**ASSIGNMENT**
Would you transcribe exactly the lines below, starting at the one that contains "タントL タイヤ新品 保証付きナビ(静岡県)の中古車" and ending with the last line, both included? Leave out all other lines.

Collected data
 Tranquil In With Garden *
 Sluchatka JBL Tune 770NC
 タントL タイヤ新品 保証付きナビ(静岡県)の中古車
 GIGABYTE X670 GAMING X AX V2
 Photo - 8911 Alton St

**EXPECTED ANSWER**
 タントL タイヤ新品 保証付きナビ(静岡県)の中古車
 GIGABYTE X670 GAMING X AX V2
 Photo - 8911 Alton St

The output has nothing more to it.